● INSTRUCTIONS FOR THE TASK:
Return nothing but the lines from the one containing "totalpoll-pro" through the end of the records below, exactly as they stand and without pictures.

** Opening EXERCISE DATA block **

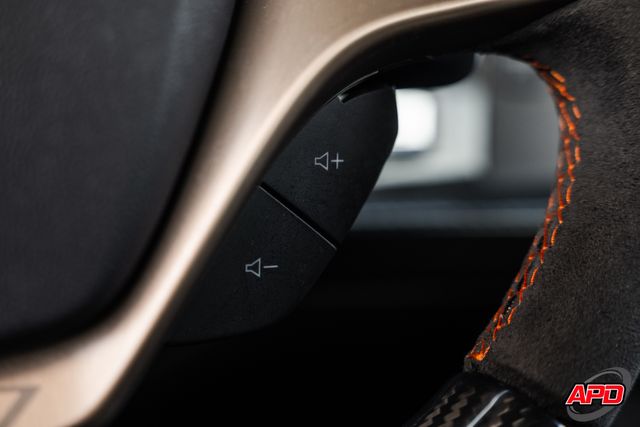 2019 Chevrolet Corvette ZR1 2019 Chevrolet Corvette ZR1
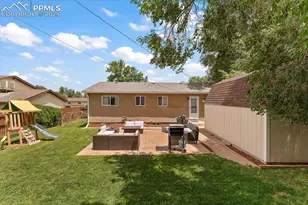 1304 Burnham St, Colorado Springs, CO 80906 - Photo 34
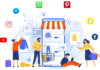 Social Commerce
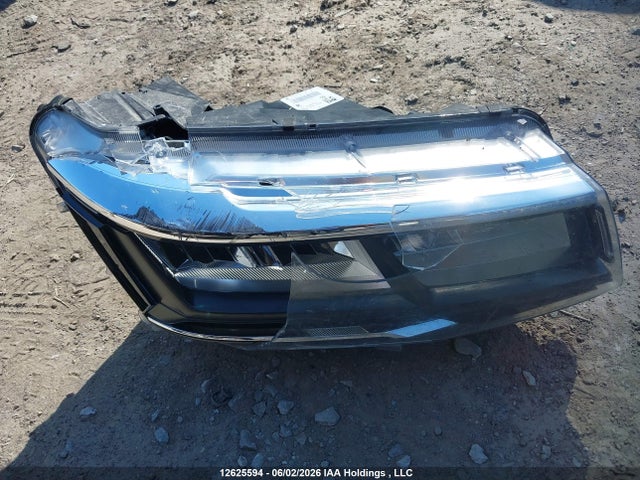 3VVUX7B23RM094004 Volkswagen TAOS SE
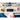 Logitech - Design Collection Limited Edition Wireless Compact Mouse with Colorful Designs - Chirpy Bird_90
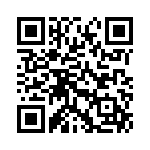 CW0101K500JE73 QRCode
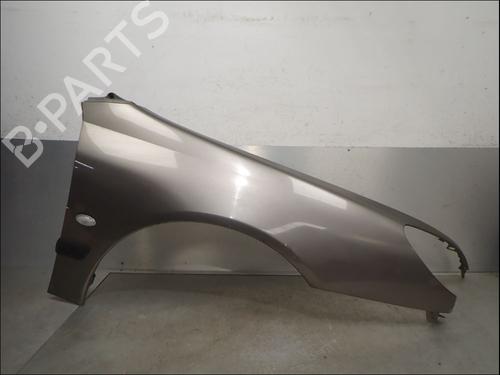 Used Right front fenders Right front fenders PEUGEOT 607 (9D, 9U) 2.2 HDi (133 hp) 36289072 36289072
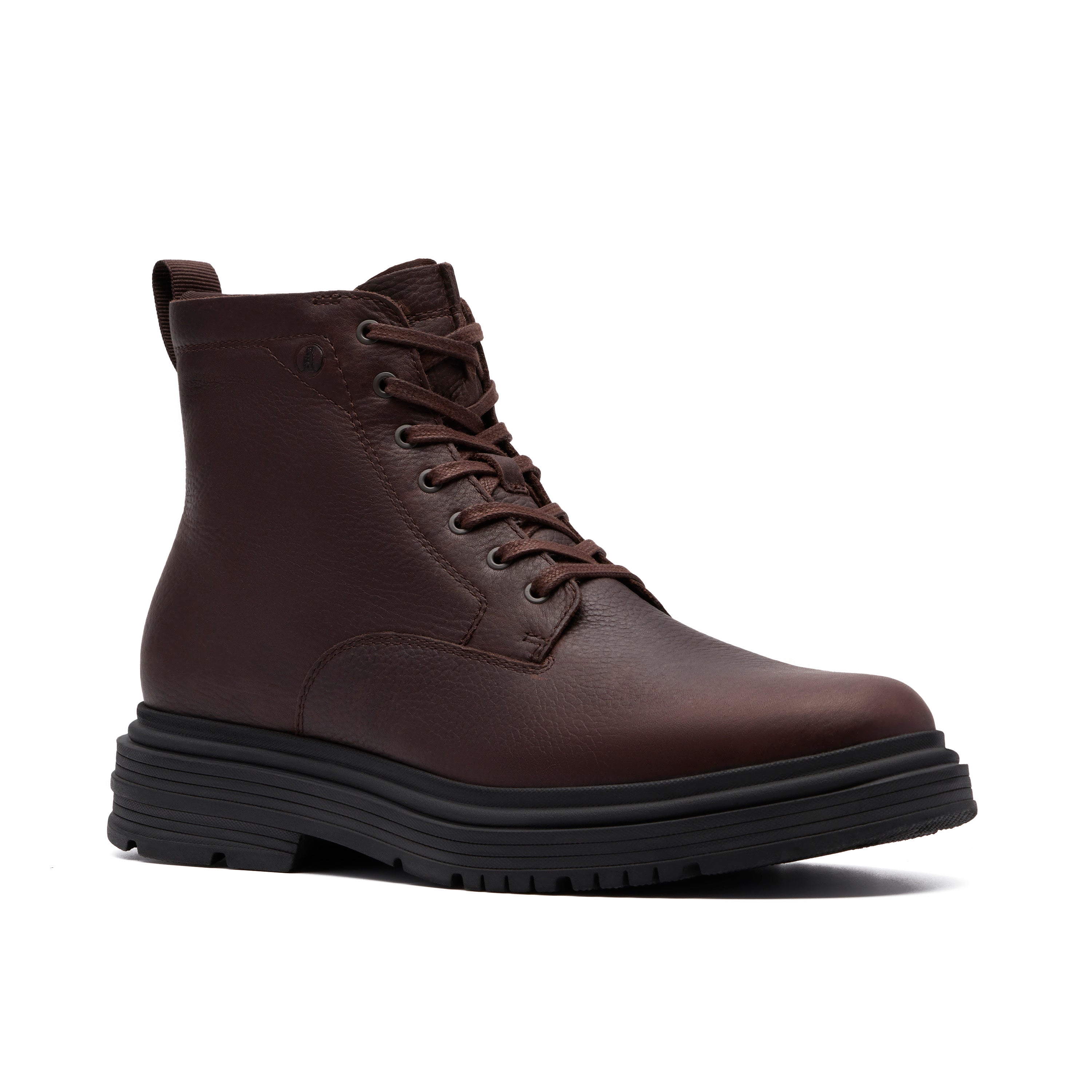Badbury Hi WP G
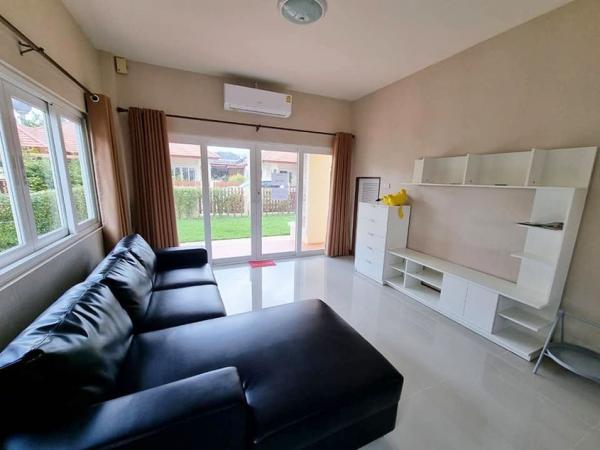 บ้านCCTV ระยอง บ้านCCTV ระยอง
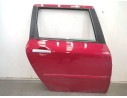 PUERTA TRASERA DERECHA 9008H7 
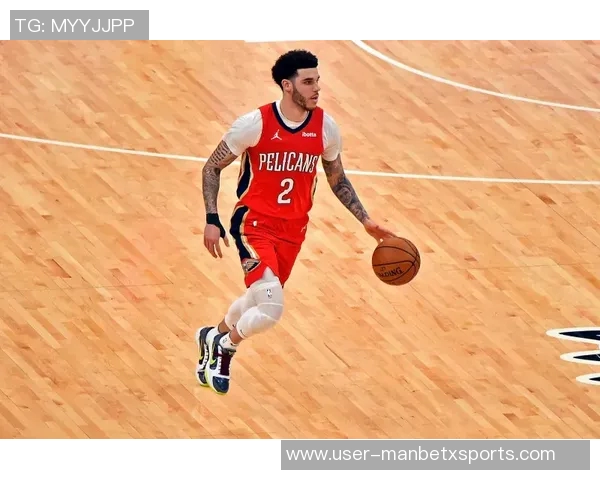 美记分析鹈鹕更倾向于留住锡安而非交易他各队对其巅峰潜力持怀疑态度 美记分析鹈鹕更倾向于留住锡安而非交易他各队对其巅峰潜力持怀疑态度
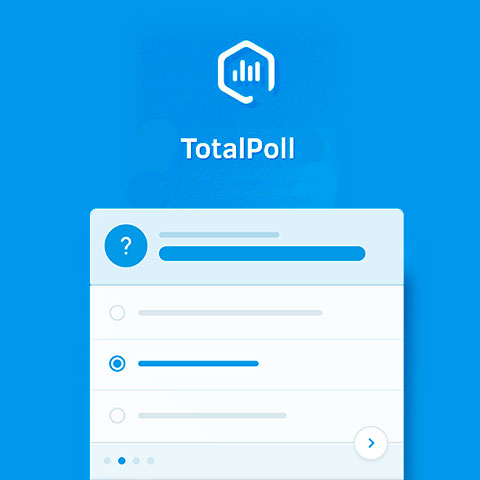 totalpoll-pro
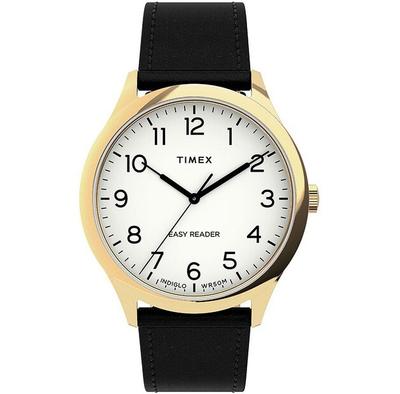 Timex TW2U22200 Watch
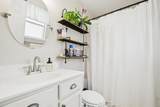 113 Mallard Ln - Photo 18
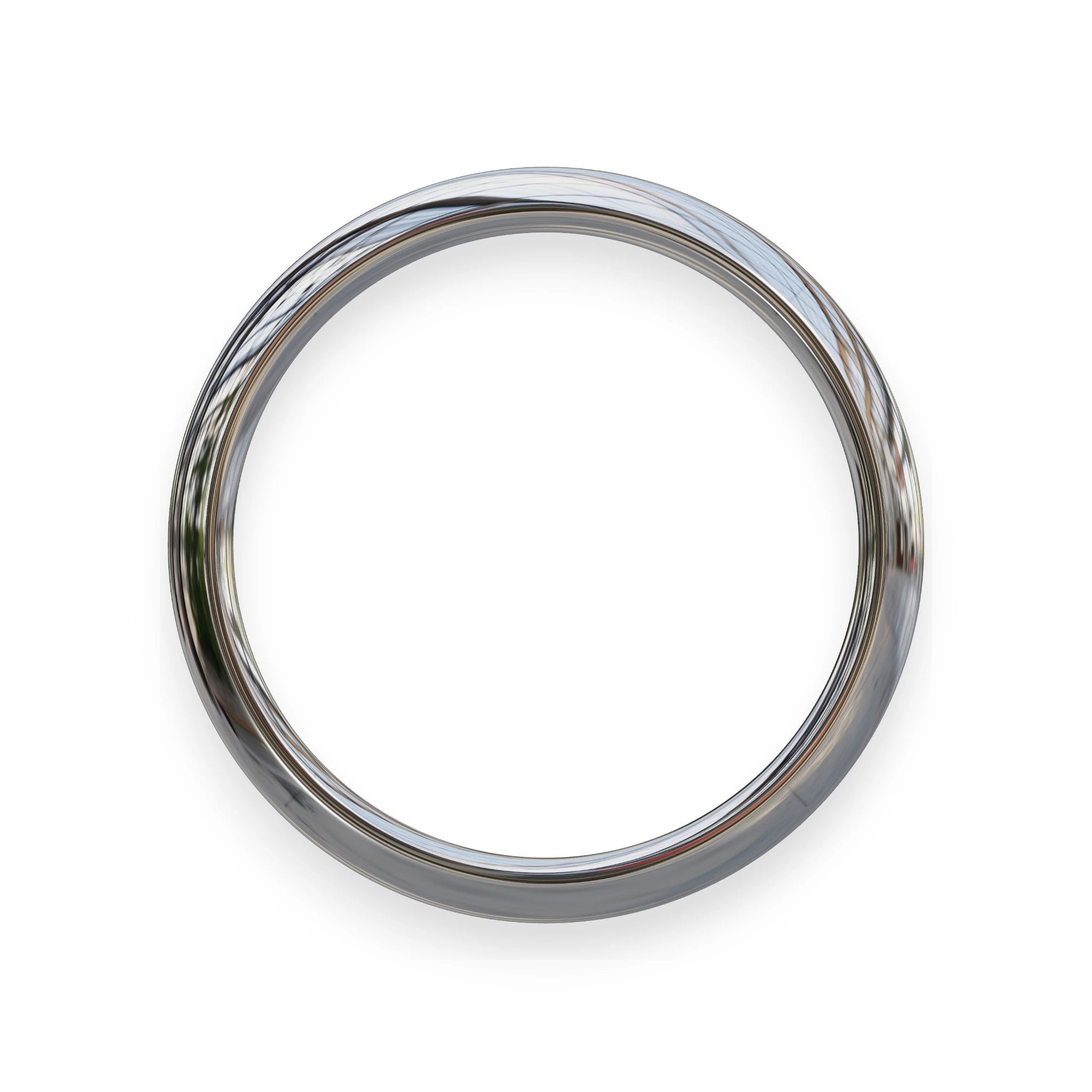 #metal_platinum#depth_1.8 MM#width_3.5 MM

** Closing EXERCISE DATA block **

● RESPONSE TO THE EXERCISE:
 totalpoll-pro
 Timex TW2U22200 Watch
 113 Mallard Ln - Photo 18
 #metal_platinum#depth_1.8 MM#width_3.5 MM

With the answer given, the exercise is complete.